I was a finisher till about a year ago, you've got a few options, hopefully I can explain them well enough.
First of all, if you have any of the material scrap, use that as a test for anything you do. Run the colors on that scrap by the client to get approval.
Option 1: torch, I do not know enough about this to really be helpful other than: you better have a precise flame and a steady hand.
Option 2: Stain. Some woods require a pre-stain so that the color doesn't end up blotchy, do your research and figure out if this is one of them. I have a major preference of minwax stains, try out a few colors on your scrap. Practice brush work precision, like if you're only hitting the branches tips of the trees, make sure you can brush stain on a small of an area with accuracy. Make sure that in wiping the stain off it doesn't bleed to areas you do not want it. Again, practice on some scrap. Seal it (after the staining), scuff the sealer, clear coat it. I recommend Campbells Krystal conversion Varnish.
Option 3: Airbrushing. This has been mentioned a lot. Its a good method, you still need a steady hand though and I would recommend masking off areas you are not working on, aka work in sections. Again, if you have scrap, try it on that first. Seal your material first, then airbrush with a toner (clear varnish mixed with pigment, very little pigment, the mix should be almost transparent so you can layer up to the opacity you want). Mohawk sells cans of toner in a lot of different colors, it works in a pinch, I just personally think spray can nozzles are harder to control. With this method, you can fix it if you over apply by sanding off the colorant, and even if you oversand off the colorant and end up hitting the sealer, you can just reseal and try again. Sealer, scuff 400 grit or higher, toner, clear coat. Krystal is still highly recommended.

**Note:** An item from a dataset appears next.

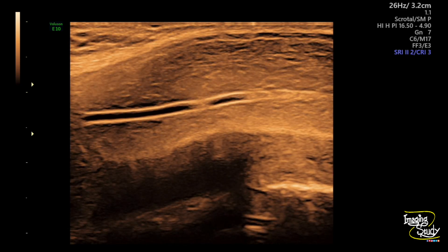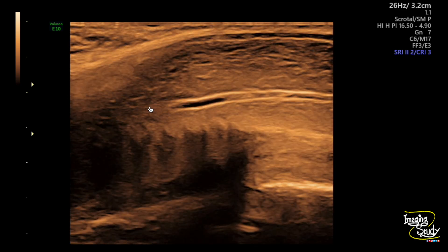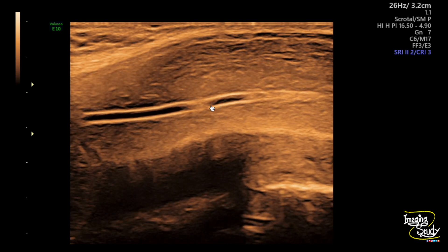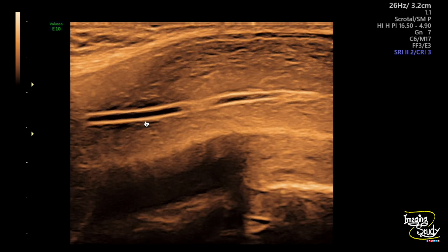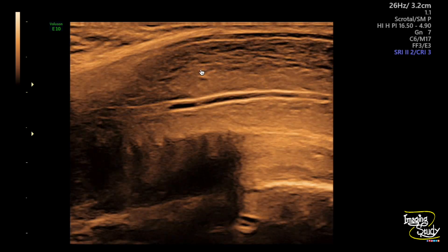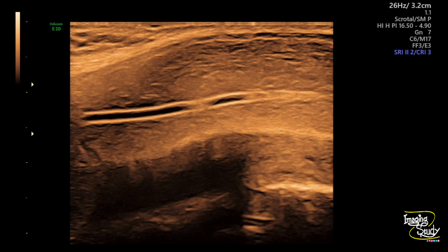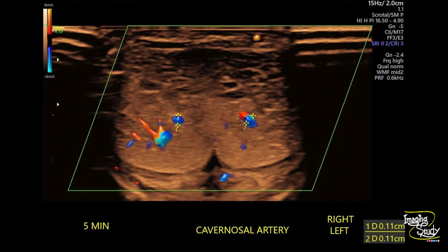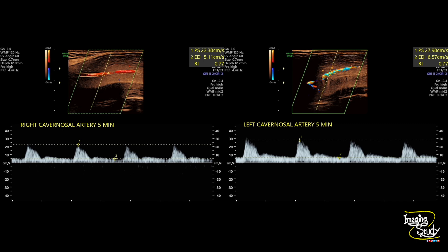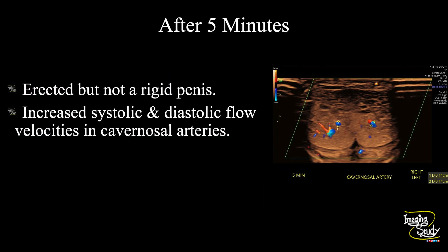Just 5 minutes after injection the penis became erected. You can see the cavernosal artery is quite dilated — you can even see pulsation without any Doppler. The sinusoids are filled with blood with anechoic areas visible within. The vessels are now around 1 mm in diameter with good flow. Peak systolic velocity was around 20 to 30 cm/s and diastolic flow is increasing. You can see notches here. However, after 5 minutes the penis was erected but not rigid at all.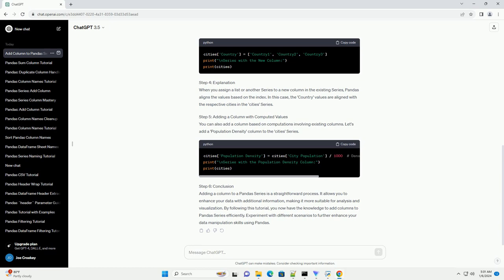Step 4: Explanation. When you assign a list or another series to a new column in the existing series, Pandas aligns the values based on the index. In this case, the country values are aligned with the respective cities in the cities series.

Option 4: Touch up sticks. This is a similar method to air brushing, but instead of spraying, you'll be using Mohawk touch up sticks. Seal your material, scuff, color with touch up sticks, coat in clear coat. These sticks come in many colors and work like crayons, you can rub in the colors with your fingers, the heat of your hand and friction will make the colors blend. I have never done this on a large scale but it is something I have used to correct stain colors on sanded through veneer or on wood filer that wouldn't take stain and I do not see why it would not work here.
Best of luck to you. Please try on scrap before applying to your finished sign.